135.  La méthode historique s’appuie sur l’expérience : elle cherche des invariants, des constantes, au moins des régularités.

136.  La méthode rationnelle et la méthode philosophique s’appuient, par des voies différentes, sur le raisonne­ment pour identifier des rapports de cause à effet.

137.  Les constantes ou les rapports de cause à effet seront transformés en règles d’action pour l’avenir.

138.  à l’inverse, la méthode réaliste, la méthode géographi­que, la méthode culturaliste mettent l’accent sur le ca­ractère contingent de la straté­gie : variabilité des moyens (méthode réaliste) ou du milieu, géogra­phique (méthode géographique) ou culturel (méthode cultura­liste).

139.  Les règles d’action qu’elles définissent sont donc adap­tées à une situation donnée.

140.  La méthode prospective raisonne en termes de probabili­tés, pour élaborer des scénarios qui oscillent entre la prolongation des tendances connues et l’imagination des ruptures concevables.

141.  Le défaut commun à toutes ces méthodes est la ten­dance fréquente à se vouloir exclusive, alors qu’aucune ne peut prétendre rendre compte de toute la complexité du processus stratégique.

142.  L’exclusivisme méthodologique aboutit aux deux er­reurs symétriques qui consistent à nier les principes ou à confondre les principes (stables) et les procédés (va­riables).

143.  Simplement les modalités d’application changent et il ne faut pas reproduire mécaniquement les recettes du passé, mais les adapter à un contexte et à des moyens différents.

144.  Les erreurs méthodologiques ont des conséquences prati­ques immé­diates :

-        sous-estimation des mutations induites par le pro­grès techni­que par l’école historique,

-        emballement inconsidéré pour des matériels nou­veaux par l’école réaliste,

-        méconnaissance des contingences par l’école ration­nelle,

-        surestimation des particularismes par l’école cultura­liste.

145.  Seule une méthode synthétique peut éviter les erre­ments qui en décou­lent (Castex), en opérant une claire distinction entre les principes et les procédés.

146.  Dans tous les cas, il faut récuser une approche dogmati­que et pratiquer une démarche critique.

147.  Ce n’est pas parce qu’une proposition est théoriquement juste qu’elle est doctrinalement adaptée (nécessité de prendre en compte l’environnement).

148.  Mais une proposition théoriquement fausse risque de conduire à une erreur doctrinale (doctrine de l’offensive avant 1914, critiquée par le colonel Pétain).

149.  Cette démarche critique a eu du mal à s’imposer (pro­blème classique de la distanciation par rapport à l’institution).

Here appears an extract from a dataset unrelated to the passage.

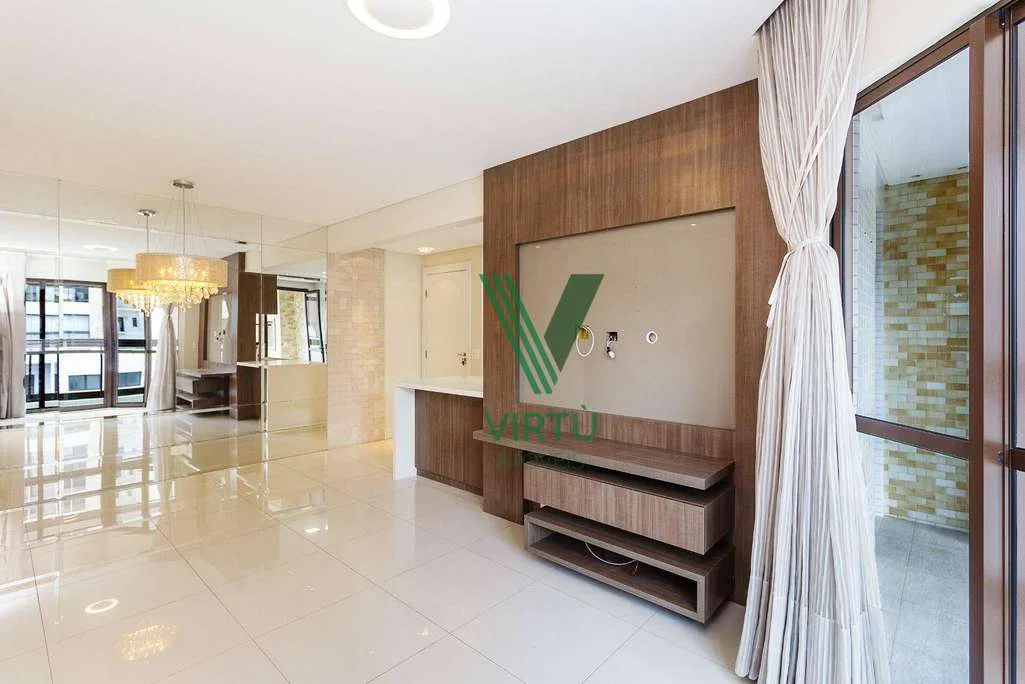Furnished 3-bedroom apartment with open-plan kitchen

150.  La prise en compte des sciences sociales et l’élargis­sement du recrute­ment des stratégistes (qui ne sont plus exclusivement militaires) ont favorisé la diffu­sion de cette démarche critique.

151.  On commence à formuler une épistémologie de la straté­gie (Poirier), voire, de manière plus embryon­naire, une philosophie de la stratégie (Philonenko).

152.  Le problème est que le désordre contemporain de la théo­rie entraîne une perte de repères.

153.  Dans une littéra­ture stratégique surabondante, il faut distin­guer entre les théoriciens novateurs (Brodie, Schelling, Beaufre, Poirier…) et ceux qui se contentent de plaquer le discours pompeux de pseudo-sciences so­ciales sur des vérités (ou des contre-vérités) connues de longue date.

154.  Il faut alors en revenir à quelques axiomes dictés par le sens commun :

-        ne pas réduire la stratégie à des processus pure­ment techniques (erreur des théoriciens de l’arms control dans les années 70 et de la RMA dans les années 90), ce qu’elle ne peut pas être du fait de la présence de l’ennemi (ou du caractère imprévisible de la me­nace) et de sa subordination à la politique ;

-        refuser l’idée d’une suprême théorie : celle-ci définit les problèmes, sélectionne les hypothèses, teste les solutions envisageables ; elle ne fournit pas la solu­tion.

155.  Une telle remise en ordre s’impose d’autant plus que les stratégies décla­ratoires ont pris une place de plus en plus grande dans les stratégies contemporaines.

156.  Dans l’ordre nucléaire, elles parti­cipent directement de la dissuasion.

157.  Dans l’ordre conventionnel, elles peuvent être un fac­teur d’influence.